The ConnectivityMap1.txt input text file is uploaded together with the project in order to help you test
your code. The text file contains information about a small region map for testing purposes. You will notice in
the text file that the road connectivity between the cities of Vancouver and North Vancouver is listed twice
with different costs. Don’t worry about it for now because we don’t need to understand the input file
information contents at this point. We will discuss it in more detail later. For now, let’s just use it as it is given
in order to test our class. Also please note that there are some empty lines in the file and at the end of the file
as well as there are different number of tabs or spaces between city names and costs. But these will not cause
any problem because the overloaded input stream operator friend function in the CMPT135_String class will
take care of all the details of the reading for us. All we need is to remember any leading spaces, tabs, and EOL
characters will be ignored and reading will stop only when it encounters tab, EOL, or EOF character. This
means there must be at least one tab or EOL character between the city names and the costs. In addition any
trailing spaces after a city name will be removed after the reading of a city name is completed.

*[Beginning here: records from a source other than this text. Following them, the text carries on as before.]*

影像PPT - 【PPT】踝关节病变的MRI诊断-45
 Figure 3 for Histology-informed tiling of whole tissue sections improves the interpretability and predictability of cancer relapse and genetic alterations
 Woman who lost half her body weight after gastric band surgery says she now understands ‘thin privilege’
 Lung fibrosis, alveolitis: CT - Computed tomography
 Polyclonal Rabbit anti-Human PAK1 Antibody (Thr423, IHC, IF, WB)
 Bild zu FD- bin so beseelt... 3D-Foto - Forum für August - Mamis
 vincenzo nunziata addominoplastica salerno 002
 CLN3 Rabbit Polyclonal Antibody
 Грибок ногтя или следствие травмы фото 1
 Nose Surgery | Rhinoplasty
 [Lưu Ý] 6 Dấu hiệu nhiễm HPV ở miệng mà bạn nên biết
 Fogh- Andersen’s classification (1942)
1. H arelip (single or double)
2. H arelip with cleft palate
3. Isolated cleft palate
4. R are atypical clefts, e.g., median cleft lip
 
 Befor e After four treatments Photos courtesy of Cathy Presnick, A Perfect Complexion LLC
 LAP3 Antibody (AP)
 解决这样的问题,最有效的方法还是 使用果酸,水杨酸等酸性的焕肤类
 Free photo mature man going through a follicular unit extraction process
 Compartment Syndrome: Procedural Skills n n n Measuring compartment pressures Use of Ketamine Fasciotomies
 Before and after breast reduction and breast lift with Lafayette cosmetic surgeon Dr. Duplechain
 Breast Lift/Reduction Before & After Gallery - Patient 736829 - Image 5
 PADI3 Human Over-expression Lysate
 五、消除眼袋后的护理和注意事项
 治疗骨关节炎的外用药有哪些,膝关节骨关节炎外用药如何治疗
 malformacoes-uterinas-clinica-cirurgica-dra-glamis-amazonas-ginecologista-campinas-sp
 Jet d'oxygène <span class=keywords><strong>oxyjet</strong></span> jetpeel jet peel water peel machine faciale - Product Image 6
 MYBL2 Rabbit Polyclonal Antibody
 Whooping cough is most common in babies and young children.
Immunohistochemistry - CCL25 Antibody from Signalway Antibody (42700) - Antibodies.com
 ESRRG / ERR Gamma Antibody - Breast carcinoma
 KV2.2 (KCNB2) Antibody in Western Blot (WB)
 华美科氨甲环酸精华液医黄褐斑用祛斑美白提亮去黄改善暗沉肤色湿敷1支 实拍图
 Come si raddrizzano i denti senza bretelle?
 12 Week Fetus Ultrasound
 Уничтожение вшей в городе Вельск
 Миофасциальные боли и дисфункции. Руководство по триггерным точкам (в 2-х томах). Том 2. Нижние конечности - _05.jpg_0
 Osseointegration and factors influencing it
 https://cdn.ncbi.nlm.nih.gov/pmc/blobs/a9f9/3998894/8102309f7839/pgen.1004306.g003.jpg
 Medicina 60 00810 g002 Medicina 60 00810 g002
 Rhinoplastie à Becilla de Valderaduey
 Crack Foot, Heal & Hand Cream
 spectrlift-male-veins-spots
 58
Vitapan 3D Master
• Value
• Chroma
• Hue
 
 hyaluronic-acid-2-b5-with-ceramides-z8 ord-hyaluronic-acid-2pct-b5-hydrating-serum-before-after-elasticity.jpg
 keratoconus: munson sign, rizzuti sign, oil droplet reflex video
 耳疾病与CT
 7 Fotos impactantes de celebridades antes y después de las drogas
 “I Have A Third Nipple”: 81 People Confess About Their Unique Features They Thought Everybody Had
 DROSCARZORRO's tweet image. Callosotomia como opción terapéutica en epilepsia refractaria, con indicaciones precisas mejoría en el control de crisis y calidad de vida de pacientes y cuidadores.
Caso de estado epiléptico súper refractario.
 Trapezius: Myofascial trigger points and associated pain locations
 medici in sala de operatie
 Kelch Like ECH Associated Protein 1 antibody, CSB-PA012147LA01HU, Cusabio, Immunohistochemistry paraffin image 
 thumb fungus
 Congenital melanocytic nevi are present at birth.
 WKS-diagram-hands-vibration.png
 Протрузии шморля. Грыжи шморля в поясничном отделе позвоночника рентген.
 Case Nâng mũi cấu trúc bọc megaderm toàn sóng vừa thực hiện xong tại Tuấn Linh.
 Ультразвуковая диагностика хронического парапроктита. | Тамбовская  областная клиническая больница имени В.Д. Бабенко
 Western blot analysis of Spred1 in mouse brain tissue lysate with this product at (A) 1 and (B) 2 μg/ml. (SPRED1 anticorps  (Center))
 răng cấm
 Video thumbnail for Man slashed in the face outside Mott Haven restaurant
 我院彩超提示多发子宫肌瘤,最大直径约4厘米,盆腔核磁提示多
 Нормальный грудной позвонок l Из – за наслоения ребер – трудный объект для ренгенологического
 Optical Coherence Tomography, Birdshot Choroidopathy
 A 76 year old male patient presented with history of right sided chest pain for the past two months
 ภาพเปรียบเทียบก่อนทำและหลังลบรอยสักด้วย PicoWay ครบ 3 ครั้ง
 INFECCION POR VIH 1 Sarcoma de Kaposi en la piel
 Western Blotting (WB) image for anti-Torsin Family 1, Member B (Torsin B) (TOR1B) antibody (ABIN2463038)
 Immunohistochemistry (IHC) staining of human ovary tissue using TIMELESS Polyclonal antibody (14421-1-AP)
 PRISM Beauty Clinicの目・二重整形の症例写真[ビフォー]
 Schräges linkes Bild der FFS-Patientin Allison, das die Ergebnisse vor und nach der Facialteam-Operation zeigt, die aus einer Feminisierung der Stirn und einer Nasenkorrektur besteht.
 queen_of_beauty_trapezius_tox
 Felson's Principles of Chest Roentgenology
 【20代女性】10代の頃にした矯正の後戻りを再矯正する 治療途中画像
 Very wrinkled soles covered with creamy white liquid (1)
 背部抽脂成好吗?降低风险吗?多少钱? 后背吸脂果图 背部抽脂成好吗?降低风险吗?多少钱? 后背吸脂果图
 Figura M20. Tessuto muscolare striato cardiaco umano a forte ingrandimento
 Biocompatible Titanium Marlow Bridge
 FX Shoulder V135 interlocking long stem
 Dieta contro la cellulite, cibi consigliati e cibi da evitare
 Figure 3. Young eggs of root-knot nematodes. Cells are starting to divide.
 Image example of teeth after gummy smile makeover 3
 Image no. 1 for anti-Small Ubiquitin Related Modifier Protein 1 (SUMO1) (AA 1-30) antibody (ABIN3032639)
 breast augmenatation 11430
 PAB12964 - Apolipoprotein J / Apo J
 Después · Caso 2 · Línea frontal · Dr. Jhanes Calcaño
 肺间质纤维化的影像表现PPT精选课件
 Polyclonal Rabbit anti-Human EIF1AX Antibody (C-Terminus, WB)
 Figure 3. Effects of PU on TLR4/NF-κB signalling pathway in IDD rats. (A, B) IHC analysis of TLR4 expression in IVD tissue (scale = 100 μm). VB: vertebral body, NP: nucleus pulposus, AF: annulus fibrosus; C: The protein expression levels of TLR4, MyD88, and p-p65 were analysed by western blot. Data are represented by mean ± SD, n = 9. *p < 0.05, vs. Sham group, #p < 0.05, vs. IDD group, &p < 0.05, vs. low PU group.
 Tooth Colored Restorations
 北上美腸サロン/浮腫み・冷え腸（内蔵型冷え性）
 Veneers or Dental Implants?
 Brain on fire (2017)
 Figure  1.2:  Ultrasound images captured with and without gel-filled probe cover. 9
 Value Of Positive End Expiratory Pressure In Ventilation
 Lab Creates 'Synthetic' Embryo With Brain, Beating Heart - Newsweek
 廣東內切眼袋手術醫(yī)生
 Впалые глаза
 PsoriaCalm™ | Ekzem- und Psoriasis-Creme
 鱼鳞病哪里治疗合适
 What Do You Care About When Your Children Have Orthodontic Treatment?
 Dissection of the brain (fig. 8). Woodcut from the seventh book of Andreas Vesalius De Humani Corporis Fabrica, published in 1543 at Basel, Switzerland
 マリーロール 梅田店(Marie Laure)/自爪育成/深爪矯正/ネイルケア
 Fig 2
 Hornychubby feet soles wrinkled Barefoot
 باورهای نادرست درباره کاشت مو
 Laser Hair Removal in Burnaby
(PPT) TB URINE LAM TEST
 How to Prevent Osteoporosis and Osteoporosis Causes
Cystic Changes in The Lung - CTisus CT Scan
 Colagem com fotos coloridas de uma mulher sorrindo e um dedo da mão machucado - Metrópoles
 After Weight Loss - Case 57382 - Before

Please note that this test program is not part of the project and should not be included in your submission.
int main()
{
CMPT135_String departure, destination;
double cost;
ifstream fin(“ConnectivityMap1.txt”);
assert(!fin.fail());
const int CITY_NAME_WIDTH = 25; //For output formatting purposes
while (!fin.eof())
{
fin >> departure;
fin >> destination;
if (departure.empty() || destination.empty())
break;
fin >> cost;
cout << departure << setw(CITY_NAME_WIDTH – departure.length()) << ” “;
cout << destination << setw(CITY_NAME_WIDTH – destination.length()) << ” “;
cout << cost << endl;
}
fin.close();
system(“Pause”);
return 0;
}
Output
Vancouver Burnaby 1.5
Vancouver North Vancouver 1.2
Burnaby North Vancouver 4.7
Burnaby Port Moody 3.6
North Vancouver Port Moody 5.8
North Vancouver Vancouver 2.9
Press any key to continue . . .
Next, we will need to store several items (such as vertices, edges, CMPT135_Strings) in different containers. It
therefore makes sense to define a generic container using a class template so that we may also use the same
container to store different objects. The following class declaration based on Assignment 3 therefore suffices
to achieve our objective.
template <class T>
class SmarterArray
{
private:
CMPT 135 – FIC 202101 – Final Exam Project – Dr. Yonas T. Weldeselassie (Ph.D.) Page 6
T *A; //The dynamic array to store the elements
int size; //The number of elements in the array
public:
//Constructors
SmarterArray(); //Implemented for you
SmarterArray(const SmarterArray<T>&); //Copy constructor. Deep copy of the argument
//Assignment operator
SmarterArray<T>& operator = (const SmarterArray<T>&); //Memory cleanup and deep copy of the argument
//Destructor
~SmarterArray(); //Implemented for you
//Getters, Setters, operators and other functions
int getSize() const; //Return the number of elements in the container
T& operator[](const int&) const; //Assert index and then return the element at the given index
int find(const T&) const; //Return the index of the first element that is == to the argument.
//Return -1 if not found.
void insert(const int &index, const T&); //Assert index >= 0 && index <= size and then insert the T
//type argument into the calling object at the index. If index is
//equal to size, then insert as a last element
void append(const T&); //Insert T as a last element
bool remove(const int&); //If the index is valid, then remove the element at the index argument
//from the calling object and return true. Otherwise do nothing and return
//false. Do not assert the index argument.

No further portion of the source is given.